# Interior Lighting Issues?



## BergSteenz (Feb 25, 2015)

*SOLVED! I'm just a dummy. *:th_salute:


--So, recently my front dome lights that are above the dash board stopped working when I open my doors or press the unlock button on my key fob. However they still work if I manually press the buttons to turn them on. The dome light located in the middle of the car still works perfect and auto turns on/off. What is causing this? I'm lost.


----------



## ChevyGuy (Dec 13, 2014)

Clarification: There are three lights in the front: Driver, dome, Passenger. Each one with it's own switch. So you're saying the front dome light works with the switch but not any other time? That's odd. I'd have to go look at the wring diagram, but I'd think the front and center dome lights are on the same circuit.

Also, verify the center switch is "flat". If flipped the wrong way, the lights won't work.

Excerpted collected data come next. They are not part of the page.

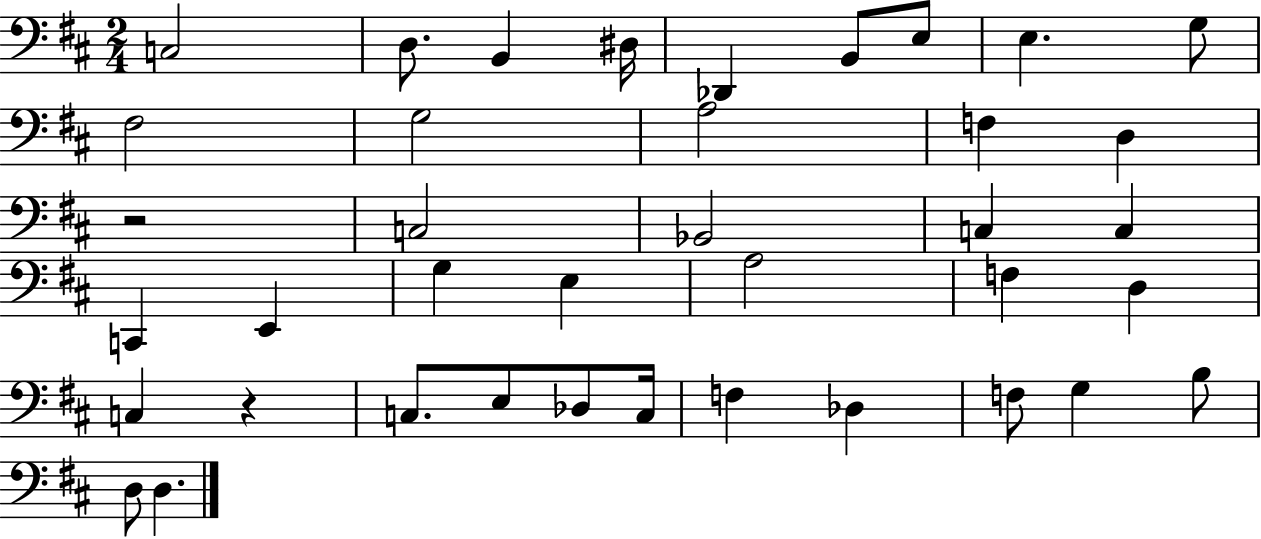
X:1
T:Untitled
M:2/4
L:1/4
K:D
C,2 D,/2 B,, ^D,/4 _D,, B,,/2 E,/2 E, G,/2 ^F,2 G,2 A,2 F, D, z2 C,2 _B,,2 C, C, C,, E,, G, E, A,2 F, D, C, z C,/2 E,/2 _D,/2 C,/4 F, _D, F,/2 G, B,/2 D,/2 D,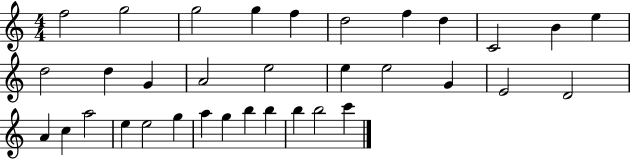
F5/h G5/h G5/h G5/q F5/q D5/h F5/q D5/q C4/h B4/q E5/q D5/h D5/q G4/q A4/h E5/h E5/q E5/h G4/q E4/h D4/h A4/q C5/q A5/h E5/q E5/h G5/q A5/q G5/q B5/q B5/q B5/q B5/h C6/q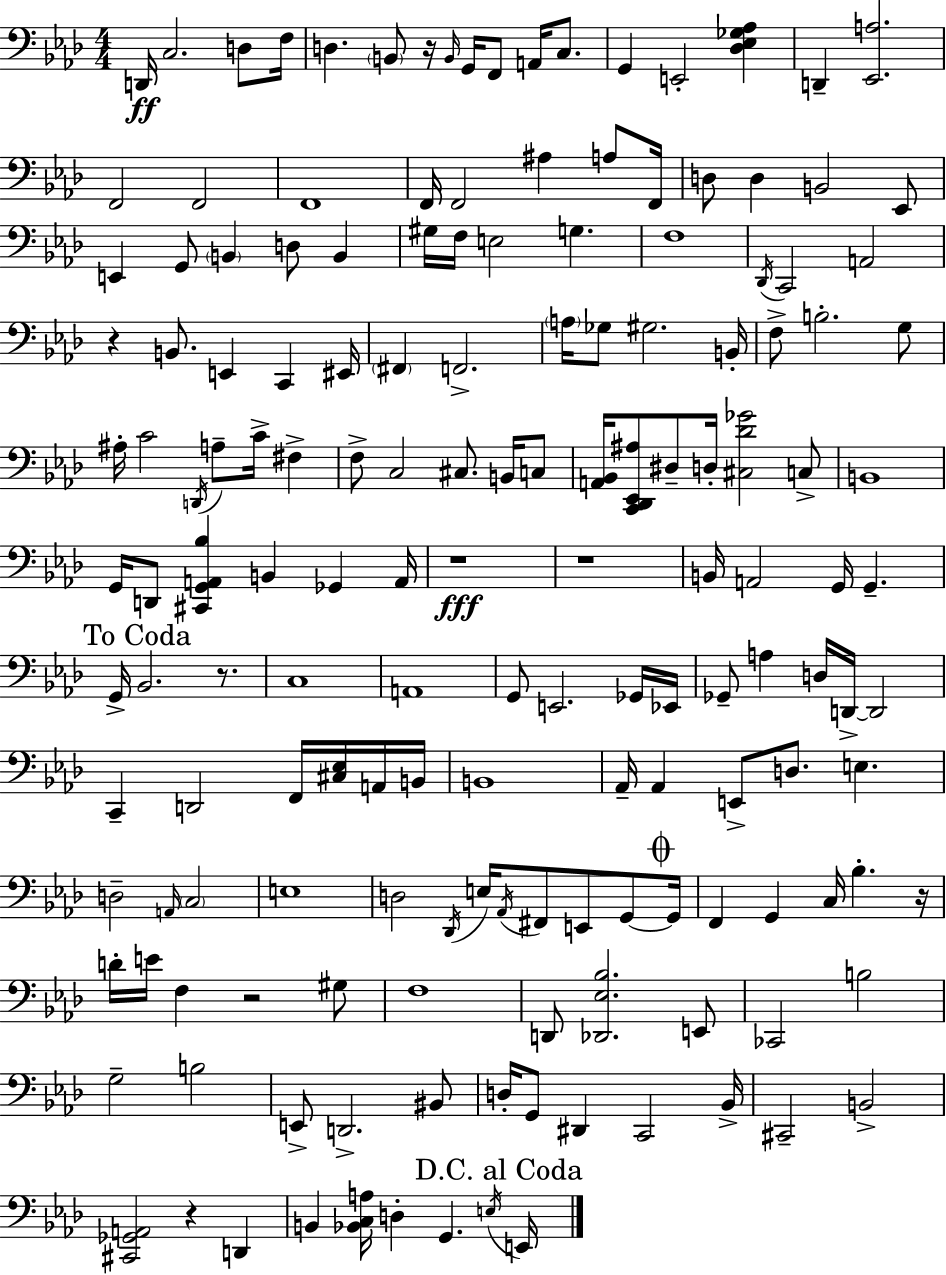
D2/s C3/h. D3/e F3/s D3/q. B2/e R/s B2/s G2/s F2/e A2/s C3/e. G2/q E2/h [Db3,Eb3,Gb3,Ab3]/q D2/q [Eb2,A3]/h. F2/h F2/h F2/w F2/s F2/h A#3/q A3/e F2/s D3/e D3/q B2/h Eb2/e E2/q G2/e B2/q D3/e B2/q G#3/s F3/s E3/h G3/q. F3/w Db2/s C2/h A2/h R/q B2/e. E2/q C2/q EIS2/s F#2/q F2/h. A3/s Gb3/e G#3/h. B2/s F3/e B3/h. G3/e A#3/s C4/h D2/s A3/e C4/s F#3/q F3/e C3/h C#3/e. B2/s C3/e [A2,Bb2]/s [C2,Db2,Eb2,A#3]/e D#3/e D3/s [C#3,Db4,Gb4]/h C3/e B2/w G2/s D2/e [C#2,G2,A2,Bb3]/q B2/q Gb2/q A2/s R/w R/w B2/s A2/h G2/s G2/q. G2/s Bb2/h. R/e. C3/w A2/w G2/e E2/h. Gb2/s Eb2/s Gb2/e A3/q D3/s D2/s D2/h C2/q D2/h F2/s [C#3,Eb3]/s A2/s B2/s B2/w Ab2/s Ab2/q E2/e D3/e. E3/q. D3/h A2/s C3/h E3/w D3/h Db2/s E3/s Ab2/s F#2/e E2/e G2/e G2/s F2/q G2/q C3/s Bb3/q. R/s D4/s E4/s F3/q R/h G#3/e F3/w D2/e [Db2,Eb3,Bb3]/h. E2/e CES2/h B3/h G3/h B3/h E2/e D2/h. BIS2/e D3/s G2/e D#2/q C2/h Bb2/s C#2/h B2/h [C#2,Gb2,A2]/h R/q D2/q B2/q [Bb2,C3,A3]/s D3/q G2/q. E3/s E2/s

Otherwise, it might be a feature that's been set in the car.


----------



## cruzinred92 (Dec 4, 2013)

The front map lights in the cruze don't turn on when you open the doors or unlock. Atleast not in any of the cruze's I've seen.


----------



## BergSteenz (Feb 25, 2015)

Sorry the *Map* lights are not turning on when I open my doors. But the lights that are located in the back of the car do.


----------



## BergSteenz (Feb 25, 2015)

Give me a minute I'll take a picture to better clarify.


----------



## BergSteenz (Feb 25, 2015)

This is the light that does not turn on when I unlock my car or open the doors.


----------



## BergSteenz (Feb 25, 2015)

This is the light that does turn on if I unlock or open my doors.


----------



## Robby (Mar 1, 2013)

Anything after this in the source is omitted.